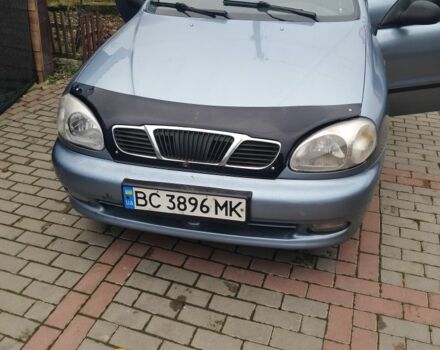 Серый ЗАЗ Сенс, объемом двигателя 1.3 л и пробегом 88 тыс. км за 1000 $, фото 4 на Automoto.ua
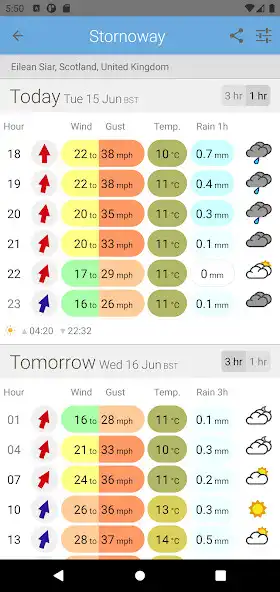 Play XCWeather as an online game XCWeather with UptoPlay
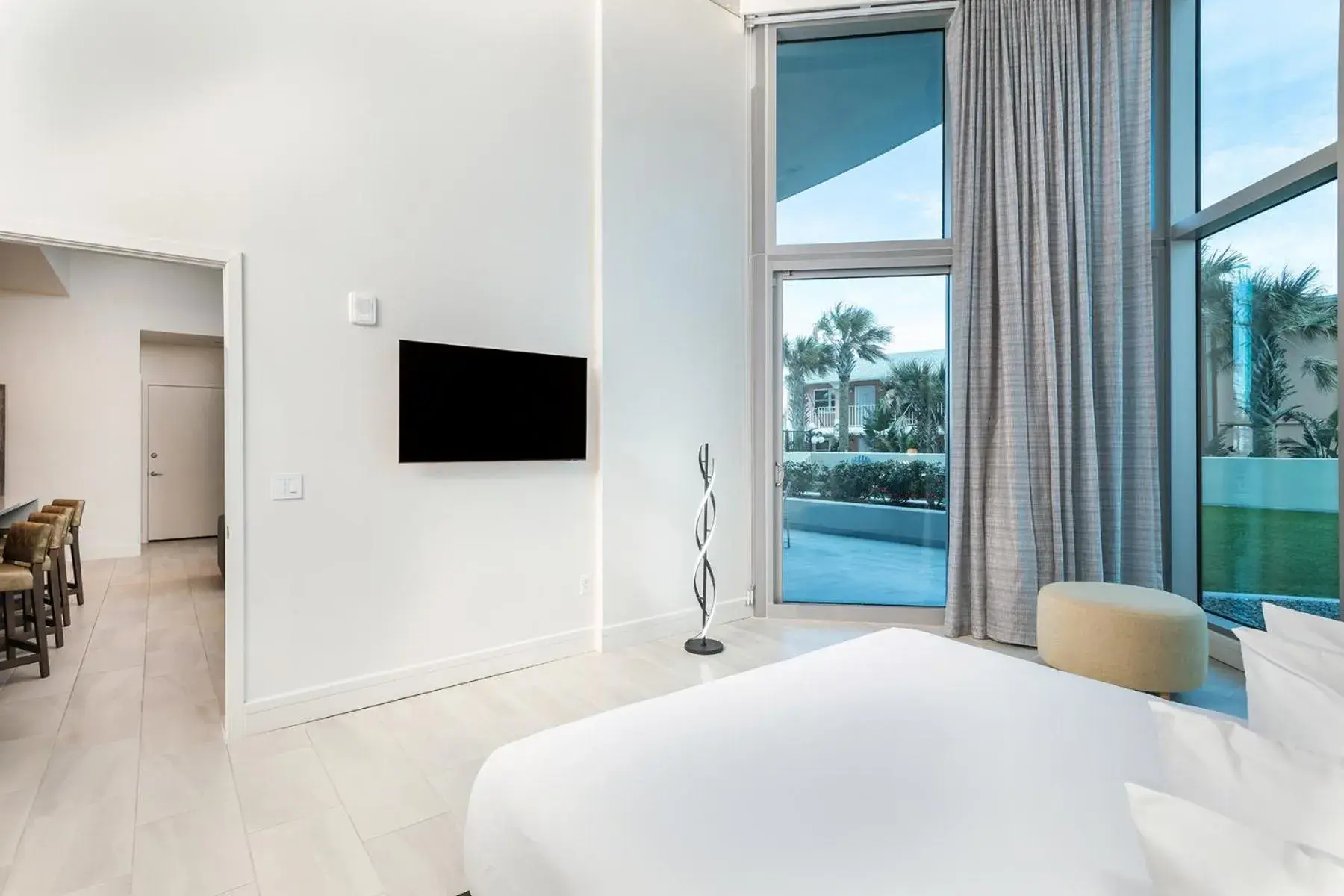 Bedroom, Bed in Max Beach Resort Bedroom, Bed in Max Beach Resort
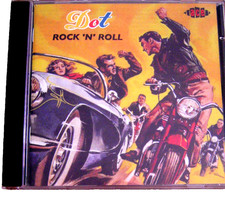 ARTISTES R'N'R Rockabilly US
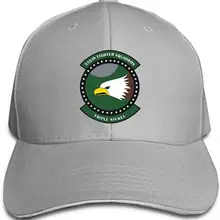 555-я эскадрилья истребителя регулируемая бейсболка сэндвич Кепка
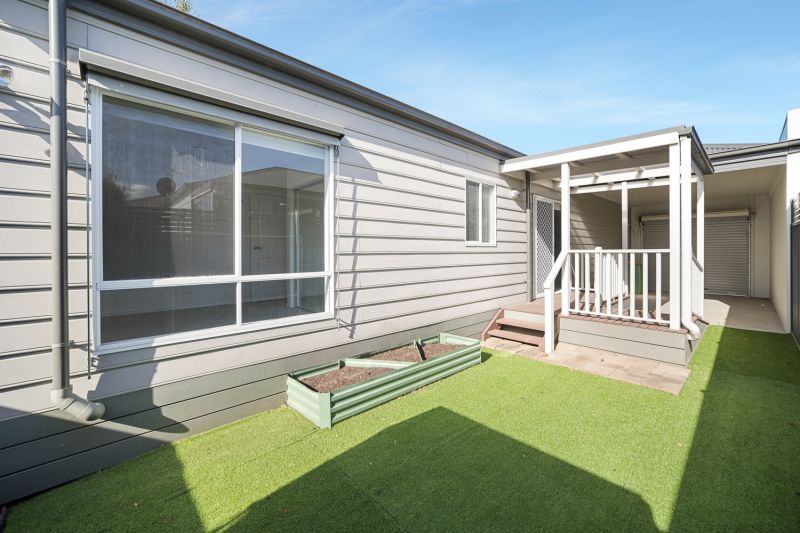 Lifestyle Communities Officer - A corner retreat with picturesque garden views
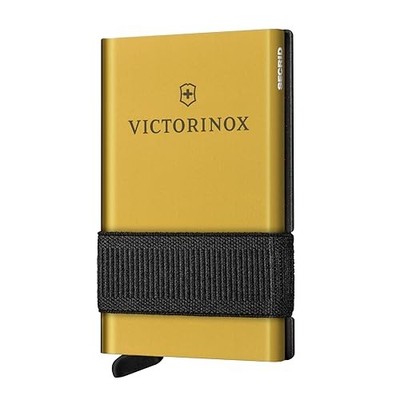 Victorinox Smart Card Wallet (.co.jp Exclusive) - 10-Function Multi-Tool with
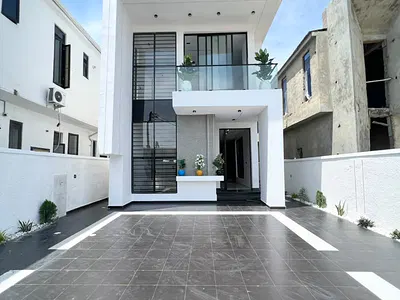 Brand New 5 Bedroom Fully Detached Duplex with Pool in a Secure Estate
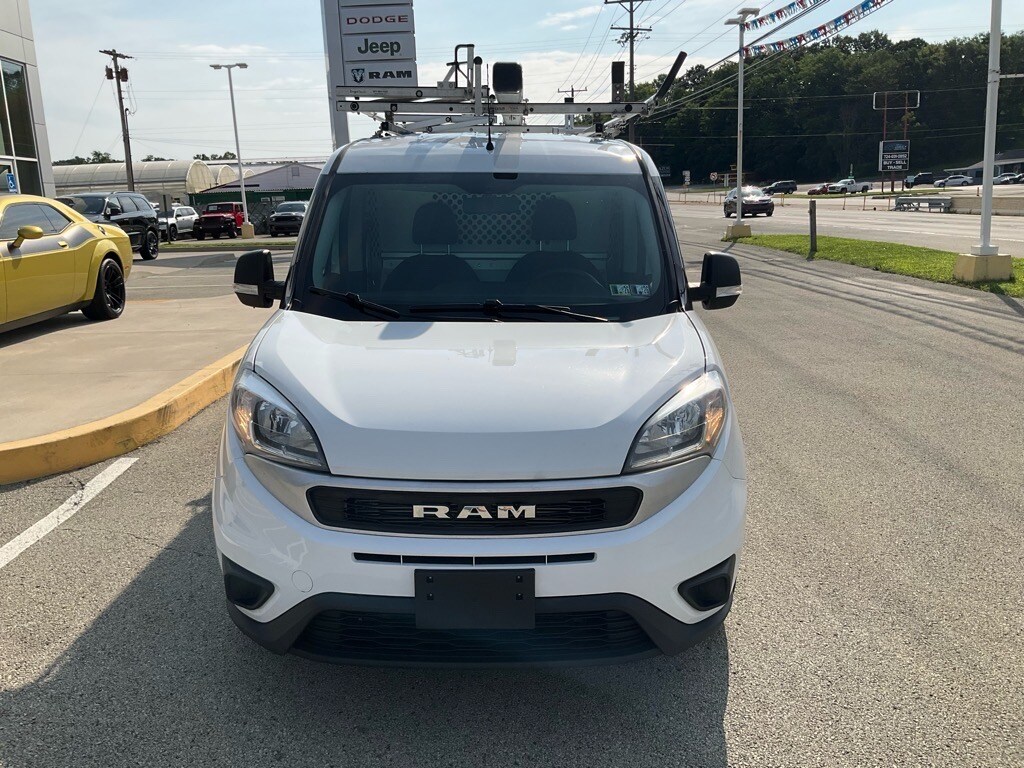 2022 Ram ProMaster City photo 2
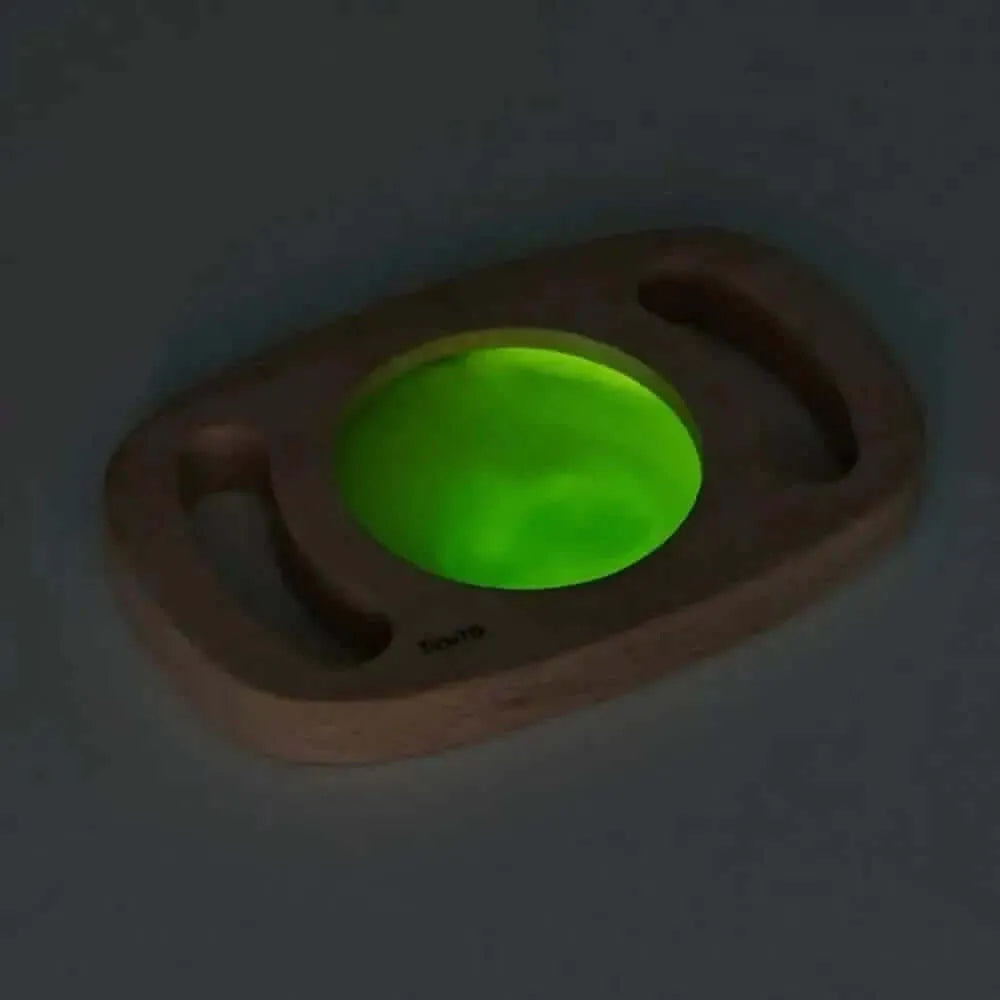 Easy Hold Glow Panel Green-Easy Hold Glow Panel Green
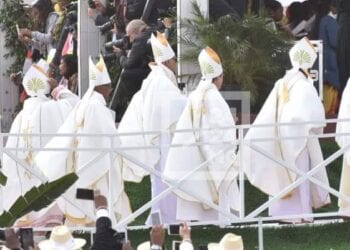 La Conférence des évêques de Madagascar assure que « l&rsquo;Eglise catholique de Madagascar ne bénira jamais la relation d&rsquo;un couple de même sexe mais octroie la bénédiction aux pécheurs pour leur rédemption »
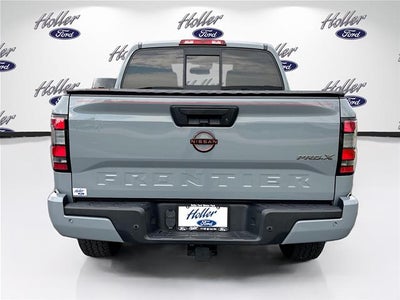 2022 Nissan Frontier PRO-X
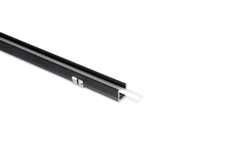 Moove Led profiel 3m Emotion Dual Color 24V 36W zwart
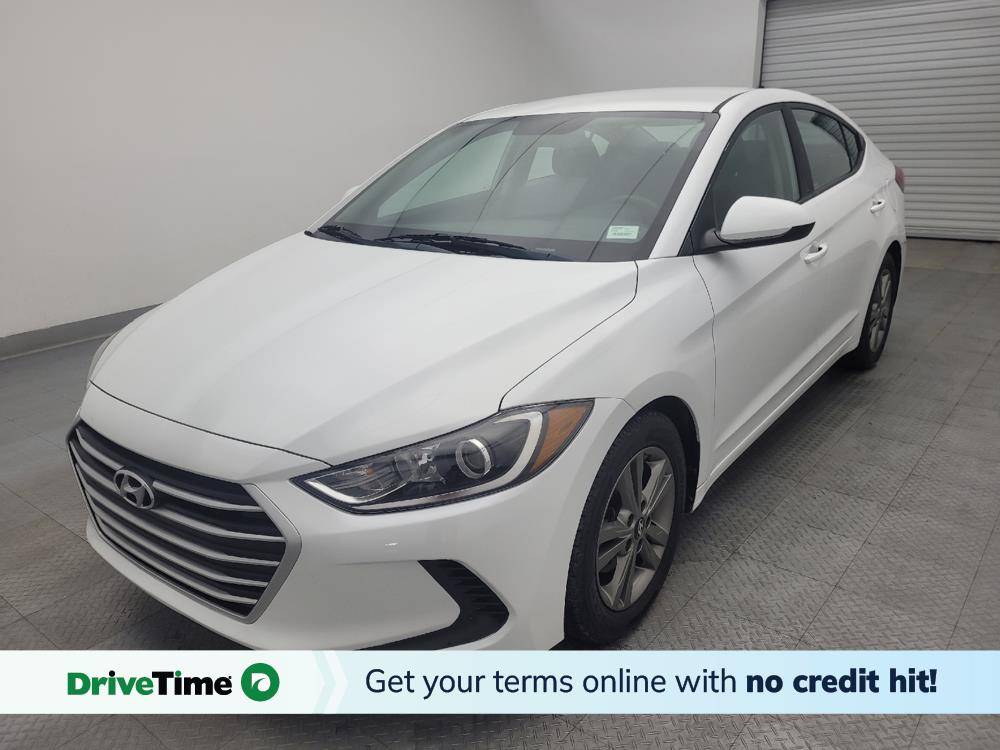 2018 Hyundai Elantra SEL — Sedan — 95,303 mi — Houston, TX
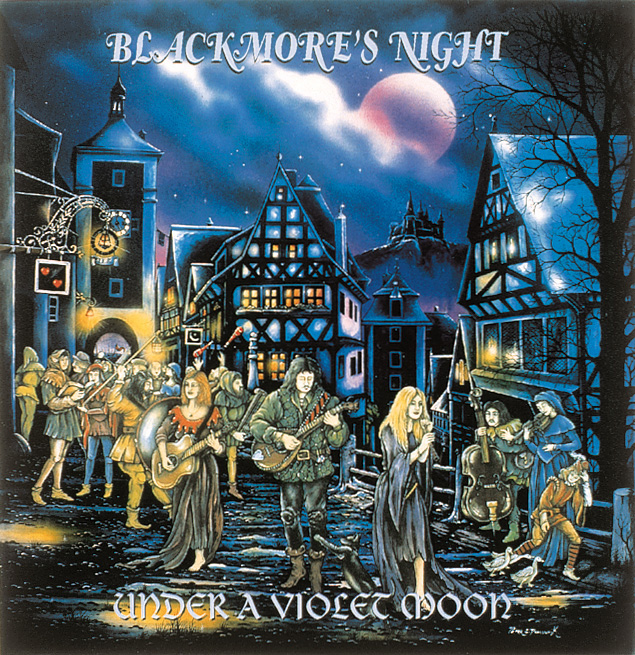 Blackmore's Night – Under A Violet Moon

§ What you should do
Please repeat the lines that run from the one holding "Easy Hold Glow Panel Green-Easy" to the last line of the material, both included, exactly and without pictures.

§ Answer to this task
 Easy Hold Glow Panel Green-Easy Hold Glow Panel Green
 La Conférence des évêques de Madagascar assure que « l&rsquo;Eglise catholique de Madagascar ne bénira jamais la relation d&rsquo;un couple de même sexe mais octroie la bénédiction aux pécheurs pour leur rédemption »
 2022 Nissan Frontier PRO-X
 Moove Led profiel 3m Emotion Dual Color 24V 36W zwart
 2018 Hyundai Elantra SEL — Sedan — 95,303 mi — Houston, TX
 Blackmore's Night – Under A Violet Moon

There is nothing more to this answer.